Farrell J found it was open to the Court to dispense with the test where the outcome of a vote had been unfairly influenced by conduct, disclosure, or circumstances affecting how members voted. Her Honour found that whilst it would not be possible to re-convene the scheme meeting, it would be possible to adjourn the second court hearing and convene a ratification meeting of shareholders. Such a meeting would give members the opportunity to consider again whether they wished to approve the scheme with the benefit of supplementary information.

The vote at this meeting would not be a substitute for the vote taken at the scheme meeting, but a means of assessing the integrity of that vote, and thus informing the Court’s decision as to whether to dispense with the headcount test.  

Accordingly, the second court hearing was adjourned to 7 February 2019 for directions.
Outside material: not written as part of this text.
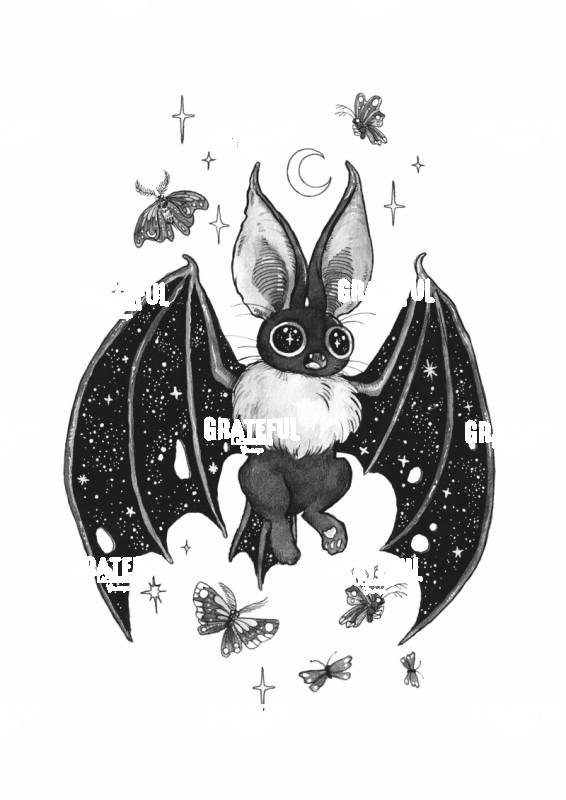 Bat-Winged Cat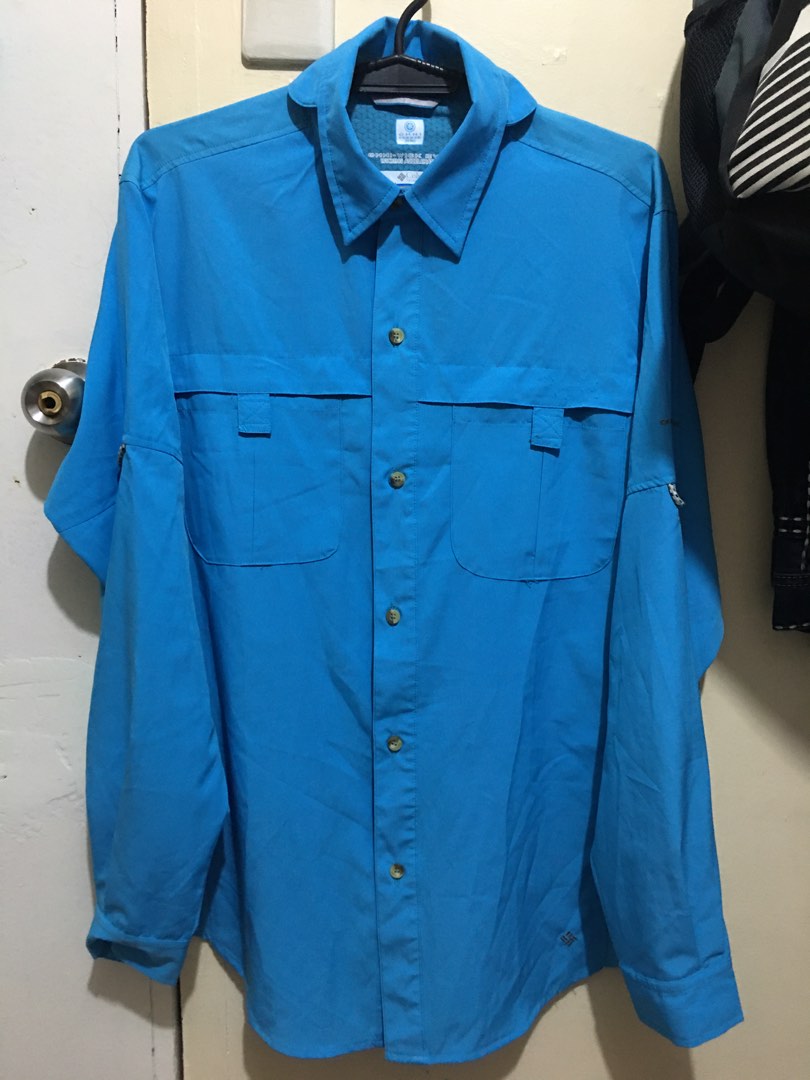 Columbia x Omni freeze, Men's Fashion, Tops & Sets, Tshirts & Polo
BLY indicated to the Court on 7 February 2019 that it was considering convening another meeting of shareholders to be held on the same day as BLY’s annual general meeting in May 2019 to consider again whether they wished to approve the scheme with the benefit of the supplementary disclosure.

The matter returns to Court on 3 April 2019.

Commentary

The case provides some welcome guidance on the situations where a Court may exercise its discretion to waive the headcount test.

Given that the headcount test remains in the legislation, it is difficult to see a Court adopting an interpretation of the discretion that would effectively render the headcount test largely meaningless.

However, the Boart Longyear scheme highlights the absurdity of the ongoing presence of the headcount test in the context of members schemes of arrangement. The headcount test should be abolished.

Indeed, in her judgement, Farrell J cited Herbert Smith Freehills partners Tony Damian and Andrew Rich, in their text Schemes, Takeovers and Himalayan Peaks, as proponents of this view.

In the modern era, it is extraordinary that a large number of small shareholders, who together hold only a tiny fraction of the value of a company, can block the will of those with considerably larger economic interests.

This is inconsistent with the economic precept underpinning the Corporations Act 2001 (Cth) – that is, one share one vote – and neither the takeover provisions nor the capital reduction provisions contain an equivalent shareholder approval threshold to the headcount test. In 2009, the Corporations and Markets Advisory Committee (CAMAC), sensibly recommended the removal of the headcount test – unfortunately, Parliament has never acted on this recommendation.